En exécutant les ordres du roi, permettez-moi de vous renouveler les sentiments de la considération infinie avec laquelle j’ai l’honneur d’être, monsieur, etc.


2816. — À M. DUPONT,
avocat.
À Lyon, au Palais Royal[1], ce 18 novembre.

Me voilà donc, monsieur,


· Lugdunensem rhetor dicturus ad aram ;

(Juvénal, sat. i, v. 44.)


et j’ai quitté la première Belgique pour la première Lyonnaise. Il y a ici deux académies, mais il n’y a point d’homme comme vous ; je vous jure que je vous regretterai partout. J’ai quitté Colmar bien malgré moi, puisque c’est vous qui m’y aviez attiré, et vous pourrez bien m’y attirer encore. Vous trouverez bon que monsieur le premier président et madame entrent beaucoup dans mes regrets ; parlez-leur quelquefois de moi, je vous en prie : je n’oublierai jamais leurs bontés. Je vous supplie encore de vouloir bien dire à M. de Bruges combien je l’estime et combien je le regrette. Je commençais à regarder Colmar comme ma patrie ; il a fallu en partir dans le temps que je voulais m’y établir. C’est une plaisanterie trop forte pour un malade, de faire cent lieues pour venir causer, à Lyon, avec M. le maréchal de Richelieu. Il n’a jamais fait faire tant de chemin à ses maîtresses, quoiqu’il les ait menées toujours fort loin.

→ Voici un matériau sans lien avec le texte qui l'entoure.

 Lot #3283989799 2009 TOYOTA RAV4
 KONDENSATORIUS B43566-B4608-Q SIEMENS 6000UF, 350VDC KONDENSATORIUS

Il faut que je vous dise un petit mot de notre affaire concernant l’homologation de l’acte sous seing privé de M. le duc de Wurtemberg. Je pense qu’il faut attendre ; il serait piqué d’une précaution qui marquerait de la défiance. Je vous écrirai quand il sera temps de consommer cette petite affaire, qui d’ailleurs n’éclatera point ; et je tâcherai de conserver ses bonnes grâces. Gardez toujours la pancarte précieusement, aussi bien que celle

  1. Du temps de Voltaire, c’était le nom d’une auberge appelée aujourd’hui hôtel, et qui est au coin de la rue du Plat, à Lyon. (B.)